The records: Begin
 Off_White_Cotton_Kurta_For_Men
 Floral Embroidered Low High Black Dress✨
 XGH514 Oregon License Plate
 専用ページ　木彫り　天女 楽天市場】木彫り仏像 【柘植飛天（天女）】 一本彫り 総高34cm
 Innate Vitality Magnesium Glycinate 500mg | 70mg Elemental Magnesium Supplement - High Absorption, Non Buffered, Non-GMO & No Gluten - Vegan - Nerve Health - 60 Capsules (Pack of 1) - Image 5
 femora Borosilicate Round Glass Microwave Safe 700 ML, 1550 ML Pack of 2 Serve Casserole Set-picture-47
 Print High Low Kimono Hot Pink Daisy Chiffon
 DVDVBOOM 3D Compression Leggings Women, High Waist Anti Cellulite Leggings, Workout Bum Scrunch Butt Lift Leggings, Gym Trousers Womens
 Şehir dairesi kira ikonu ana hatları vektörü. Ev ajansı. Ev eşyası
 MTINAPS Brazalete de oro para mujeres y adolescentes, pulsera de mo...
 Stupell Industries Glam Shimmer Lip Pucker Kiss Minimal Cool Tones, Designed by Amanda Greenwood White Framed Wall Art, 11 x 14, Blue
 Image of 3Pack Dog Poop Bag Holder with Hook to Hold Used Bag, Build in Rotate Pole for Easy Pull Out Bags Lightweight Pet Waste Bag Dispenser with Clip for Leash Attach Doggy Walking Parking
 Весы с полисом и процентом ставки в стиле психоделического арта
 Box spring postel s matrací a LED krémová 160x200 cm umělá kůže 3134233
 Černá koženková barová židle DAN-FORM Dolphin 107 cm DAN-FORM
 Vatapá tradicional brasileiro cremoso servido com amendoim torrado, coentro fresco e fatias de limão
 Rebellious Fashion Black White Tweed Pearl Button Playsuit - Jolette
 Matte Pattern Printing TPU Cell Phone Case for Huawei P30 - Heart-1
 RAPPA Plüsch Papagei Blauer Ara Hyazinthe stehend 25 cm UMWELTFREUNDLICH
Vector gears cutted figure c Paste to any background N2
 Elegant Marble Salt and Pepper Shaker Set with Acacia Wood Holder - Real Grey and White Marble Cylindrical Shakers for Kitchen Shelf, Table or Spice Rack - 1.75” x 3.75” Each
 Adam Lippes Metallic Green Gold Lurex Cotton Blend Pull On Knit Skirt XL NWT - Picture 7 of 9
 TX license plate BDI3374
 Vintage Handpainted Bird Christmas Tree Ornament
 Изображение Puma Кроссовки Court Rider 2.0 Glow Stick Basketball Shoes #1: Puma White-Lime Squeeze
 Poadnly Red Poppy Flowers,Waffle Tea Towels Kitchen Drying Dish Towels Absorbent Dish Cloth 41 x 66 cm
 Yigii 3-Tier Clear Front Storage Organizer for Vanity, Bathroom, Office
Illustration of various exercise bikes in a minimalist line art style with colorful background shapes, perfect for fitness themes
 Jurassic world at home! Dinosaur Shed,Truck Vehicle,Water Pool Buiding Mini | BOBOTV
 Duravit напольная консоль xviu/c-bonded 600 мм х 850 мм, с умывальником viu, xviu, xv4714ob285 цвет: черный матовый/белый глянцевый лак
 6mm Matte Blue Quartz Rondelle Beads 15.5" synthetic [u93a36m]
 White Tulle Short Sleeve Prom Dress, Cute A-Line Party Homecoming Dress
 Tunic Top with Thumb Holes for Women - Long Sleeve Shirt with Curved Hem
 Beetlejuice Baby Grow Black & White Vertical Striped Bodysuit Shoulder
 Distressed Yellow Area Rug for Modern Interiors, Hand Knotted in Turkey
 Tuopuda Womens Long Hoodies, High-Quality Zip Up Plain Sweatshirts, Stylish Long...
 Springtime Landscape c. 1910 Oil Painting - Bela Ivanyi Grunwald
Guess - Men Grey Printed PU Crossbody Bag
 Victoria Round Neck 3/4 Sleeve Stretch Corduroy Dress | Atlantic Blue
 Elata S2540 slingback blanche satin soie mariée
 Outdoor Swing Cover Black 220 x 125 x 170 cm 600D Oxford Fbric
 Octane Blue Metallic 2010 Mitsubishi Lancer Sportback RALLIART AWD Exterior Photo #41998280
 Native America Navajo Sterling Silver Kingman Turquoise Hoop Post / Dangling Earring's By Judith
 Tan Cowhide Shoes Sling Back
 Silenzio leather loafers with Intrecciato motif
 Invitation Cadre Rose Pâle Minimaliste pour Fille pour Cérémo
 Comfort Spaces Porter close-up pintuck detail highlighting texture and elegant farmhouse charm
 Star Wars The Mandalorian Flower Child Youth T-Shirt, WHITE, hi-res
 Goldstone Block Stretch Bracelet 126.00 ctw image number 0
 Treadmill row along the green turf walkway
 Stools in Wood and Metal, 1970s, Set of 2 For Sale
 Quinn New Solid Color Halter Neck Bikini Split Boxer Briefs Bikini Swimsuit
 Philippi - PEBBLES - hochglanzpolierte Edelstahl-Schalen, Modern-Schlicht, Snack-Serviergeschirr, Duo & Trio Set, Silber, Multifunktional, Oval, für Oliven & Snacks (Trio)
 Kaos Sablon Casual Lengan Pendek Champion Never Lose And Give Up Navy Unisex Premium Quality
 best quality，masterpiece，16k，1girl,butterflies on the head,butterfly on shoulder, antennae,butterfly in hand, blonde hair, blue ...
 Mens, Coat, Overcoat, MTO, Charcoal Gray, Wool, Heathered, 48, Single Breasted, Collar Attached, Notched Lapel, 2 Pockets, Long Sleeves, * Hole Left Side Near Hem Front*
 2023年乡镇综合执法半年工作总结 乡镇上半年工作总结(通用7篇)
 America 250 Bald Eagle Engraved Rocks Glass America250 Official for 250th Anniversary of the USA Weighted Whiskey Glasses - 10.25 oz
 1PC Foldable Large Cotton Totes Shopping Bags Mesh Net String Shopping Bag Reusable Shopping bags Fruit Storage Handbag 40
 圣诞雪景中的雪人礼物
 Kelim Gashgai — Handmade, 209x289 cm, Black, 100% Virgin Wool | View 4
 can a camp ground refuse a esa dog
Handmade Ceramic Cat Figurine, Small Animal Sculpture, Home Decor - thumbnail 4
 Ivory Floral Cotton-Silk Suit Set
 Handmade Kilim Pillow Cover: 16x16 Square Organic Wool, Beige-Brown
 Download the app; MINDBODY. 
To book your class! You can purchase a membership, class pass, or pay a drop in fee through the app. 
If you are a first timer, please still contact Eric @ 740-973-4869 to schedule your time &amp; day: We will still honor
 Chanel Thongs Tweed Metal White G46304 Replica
The records: End
# [Work to be completed]
Retype, exactly and in full, the lines above from the one containing "Print High Low Kimono Hot Pink Daisy Chiffon" through the one containing "Şehir dairesi kira".

# [Result for this task]
 Print High Low Kimono Hot Pink Daisy Chiffon
 DVDVBOOM 3D Compression Leggings Women, High Waist Anti Cellulite Leggings, Workout Bum Scrunch Butt Lift Leggings, Gym Trousers Womens
 Şehir dairesi kira ikonu ana hatları vektörü. Ev ajansı. Ev eşyası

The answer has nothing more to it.